Sunday, April 7, 2019

The New American Model of Equity Finance

In my undergraduate course, The Law of Business Organization, we’re studying material on “Investor Protection, Insider Trading, and Corporate Governance.”  During our last class, we examined the registration statement for last year’s Dropbox IPO.  Before this exercise, however, we reviewed a highly-generalized funding life cycle for businesses in the U.S. that eventually went public.  In doing this, I shared with students that an important caveat to this presentation was the increasing role of private capital in U.S. debt and equity markets.  I mentioned that the cost not only of going public, but also of the related and continuing reporting and compliance requirements could be a potential explanation for this shift.  As it turns out, I’m planning to supplement my explanation of the role of regulation in this shift during tomorrow’s class.     

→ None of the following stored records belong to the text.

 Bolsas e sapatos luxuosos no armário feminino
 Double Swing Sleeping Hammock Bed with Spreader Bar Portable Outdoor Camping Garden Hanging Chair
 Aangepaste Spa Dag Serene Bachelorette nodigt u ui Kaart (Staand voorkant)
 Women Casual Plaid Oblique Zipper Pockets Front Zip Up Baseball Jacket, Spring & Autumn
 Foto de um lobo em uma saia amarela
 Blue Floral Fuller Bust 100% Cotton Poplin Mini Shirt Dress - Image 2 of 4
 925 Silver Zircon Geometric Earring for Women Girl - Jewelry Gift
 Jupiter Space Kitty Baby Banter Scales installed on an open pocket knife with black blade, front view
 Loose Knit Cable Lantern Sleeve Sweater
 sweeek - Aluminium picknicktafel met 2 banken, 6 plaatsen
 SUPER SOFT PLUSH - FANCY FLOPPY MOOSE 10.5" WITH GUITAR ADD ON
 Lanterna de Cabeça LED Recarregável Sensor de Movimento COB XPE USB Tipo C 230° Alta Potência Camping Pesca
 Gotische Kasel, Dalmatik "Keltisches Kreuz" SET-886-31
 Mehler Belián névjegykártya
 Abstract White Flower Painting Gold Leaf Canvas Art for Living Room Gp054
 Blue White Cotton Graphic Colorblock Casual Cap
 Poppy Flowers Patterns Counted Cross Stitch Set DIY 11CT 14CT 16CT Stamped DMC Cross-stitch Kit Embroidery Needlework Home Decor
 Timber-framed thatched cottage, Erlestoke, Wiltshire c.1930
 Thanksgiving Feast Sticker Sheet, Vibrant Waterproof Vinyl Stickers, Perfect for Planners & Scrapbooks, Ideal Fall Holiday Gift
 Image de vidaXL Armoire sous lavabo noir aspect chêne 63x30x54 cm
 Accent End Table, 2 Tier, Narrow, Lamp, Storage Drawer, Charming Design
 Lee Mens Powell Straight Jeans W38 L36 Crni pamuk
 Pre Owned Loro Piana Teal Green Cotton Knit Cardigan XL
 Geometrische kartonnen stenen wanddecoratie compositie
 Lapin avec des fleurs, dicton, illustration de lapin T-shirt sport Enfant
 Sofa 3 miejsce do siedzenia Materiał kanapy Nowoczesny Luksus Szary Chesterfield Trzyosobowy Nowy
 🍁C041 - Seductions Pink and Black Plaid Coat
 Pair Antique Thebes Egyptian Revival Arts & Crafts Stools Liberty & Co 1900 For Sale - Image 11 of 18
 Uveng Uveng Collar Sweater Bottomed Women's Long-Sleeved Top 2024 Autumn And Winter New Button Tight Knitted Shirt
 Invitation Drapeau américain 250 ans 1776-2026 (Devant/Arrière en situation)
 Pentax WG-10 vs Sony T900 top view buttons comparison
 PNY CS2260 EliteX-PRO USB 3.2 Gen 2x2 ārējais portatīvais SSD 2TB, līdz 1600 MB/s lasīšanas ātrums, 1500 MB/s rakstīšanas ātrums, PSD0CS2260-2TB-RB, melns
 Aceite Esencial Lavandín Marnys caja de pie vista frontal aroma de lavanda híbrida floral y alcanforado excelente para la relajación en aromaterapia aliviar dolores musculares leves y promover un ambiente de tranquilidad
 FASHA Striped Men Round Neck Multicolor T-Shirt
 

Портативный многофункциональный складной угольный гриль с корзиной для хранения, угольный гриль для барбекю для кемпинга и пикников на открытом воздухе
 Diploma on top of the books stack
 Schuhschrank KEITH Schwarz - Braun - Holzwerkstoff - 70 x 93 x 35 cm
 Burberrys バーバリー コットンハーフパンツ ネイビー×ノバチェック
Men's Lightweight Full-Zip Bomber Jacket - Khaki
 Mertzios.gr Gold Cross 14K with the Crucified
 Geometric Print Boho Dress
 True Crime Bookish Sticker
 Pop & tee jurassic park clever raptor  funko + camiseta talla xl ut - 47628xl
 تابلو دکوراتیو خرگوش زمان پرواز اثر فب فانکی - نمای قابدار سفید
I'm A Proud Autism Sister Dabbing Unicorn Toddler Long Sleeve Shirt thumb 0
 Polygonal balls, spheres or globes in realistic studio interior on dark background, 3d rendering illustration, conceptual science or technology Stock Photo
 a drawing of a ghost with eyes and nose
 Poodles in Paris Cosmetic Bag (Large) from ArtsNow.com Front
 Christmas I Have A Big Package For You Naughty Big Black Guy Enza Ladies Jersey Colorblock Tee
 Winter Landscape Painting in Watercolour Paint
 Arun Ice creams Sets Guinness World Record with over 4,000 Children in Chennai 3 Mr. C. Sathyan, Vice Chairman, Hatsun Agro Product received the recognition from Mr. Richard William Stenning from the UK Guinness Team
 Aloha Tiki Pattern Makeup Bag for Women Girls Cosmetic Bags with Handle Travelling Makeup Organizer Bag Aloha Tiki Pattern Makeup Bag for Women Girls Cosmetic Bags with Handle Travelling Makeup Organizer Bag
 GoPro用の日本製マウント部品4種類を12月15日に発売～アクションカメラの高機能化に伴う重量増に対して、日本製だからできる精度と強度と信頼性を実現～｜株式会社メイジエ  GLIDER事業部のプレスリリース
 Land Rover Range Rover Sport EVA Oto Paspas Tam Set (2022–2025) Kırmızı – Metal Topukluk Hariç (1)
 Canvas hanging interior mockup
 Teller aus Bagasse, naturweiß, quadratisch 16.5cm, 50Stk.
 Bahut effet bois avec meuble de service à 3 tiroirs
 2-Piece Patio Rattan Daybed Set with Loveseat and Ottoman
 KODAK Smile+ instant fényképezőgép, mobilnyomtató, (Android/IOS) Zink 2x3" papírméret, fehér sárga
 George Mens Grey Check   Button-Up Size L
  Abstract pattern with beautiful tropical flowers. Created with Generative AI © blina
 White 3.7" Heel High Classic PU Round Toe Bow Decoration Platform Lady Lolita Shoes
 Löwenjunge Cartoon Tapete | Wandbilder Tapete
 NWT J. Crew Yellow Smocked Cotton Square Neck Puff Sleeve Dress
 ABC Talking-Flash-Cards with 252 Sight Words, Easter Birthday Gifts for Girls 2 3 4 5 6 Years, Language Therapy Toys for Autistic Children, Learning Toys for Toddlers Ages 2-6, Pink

Several weeks ago, I mentioned in a post the increasing role of private capital in U.S. capital markets.  Shortly thereafter, I was chatting with my Finance Division colleague, Bill Megginson, about this trend and other financial market developments.  It proved to be good timing as Megginson (along with coauthors Gabriele Lattanzio and Ali Sanati) had recently posted a new article, Listing Gaps, Merger Waves, and the New American Model of Equity Finance to SSRN.  I’ve finally had a chance to review it this weekend.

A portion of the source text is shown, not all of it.